# sweet and sour sauce question



## kentuckyhippie (May 29, 2004)

anyone have directions for making and canning the sweet and sour type sauce that the Chinese restaurants serve? I thought someone posted a recipe here in the past but I can't find it. thanks


----------



## JamieCatheryn (Feb 9, 2013)

This one looks good: 
http://www.sbcanning.com/2013/08/sweet-and-sour-sauce-im-never-buying.html


----------



## TerriLynn (Oct 10, 2009)

This is the recipe I use and can for my family, while they love it, I don't know how similar it to what is served in Chinese restaurants.

Sweet and Sour Sauce

3 cups diced or coarsely chopped red, yellow, or orange bell peppers
3/4 cup apple cider vinegar
1 box sure-jell (cheap pectin works ok in this recipe)
3 1/2 cups white sugar

Saute peppers in vinegar until peppers are soft

Measure sugar and set aside

Add sure-jell to peppers and vinegar , stir until boiling

Stir in sugar and bring to full rolling boil-boil for 1 min- stirring constantly

Ladle into 3 pint or 6 jelly jars

Process in boiling water bath for 15 min


----------



## Ziptie (May 16, 2013)

Cool recipe, never thought of doing this. 
One question can/t use the sure gel with citric acid.

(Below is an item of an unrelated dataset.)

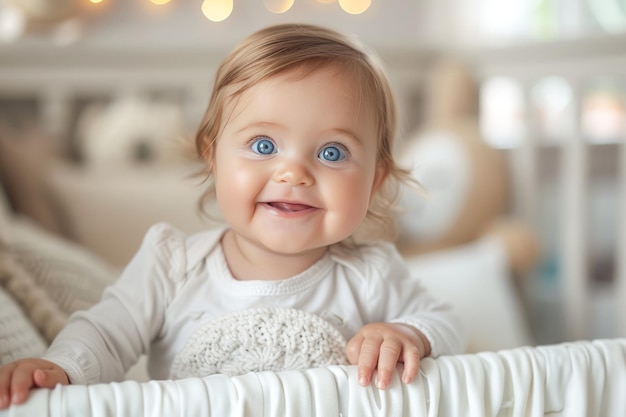 Smiling BlueEyed Baby Enjoying Tummy Time Indoors on a Textured Blanket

Do you guys think Ponoma pectin?


----------



## kentuckyhippie (May 29, 2004)

thank you, I am going to try both of these


----------



## farmrbrown (Jun 25, 2012)

I looked over both recipes and they're good, but.............if you try it and still get the feeling something is missing and you can't put your finger on it........try adding apricot, jelly or jam will work.
That will give the texture, taste and color that you get at the restaurants.
Everything else is spot on.

It's like adding a little horseradish to your honey mustard sauce.
The things that make you go "Ahhhhhhhh".


----------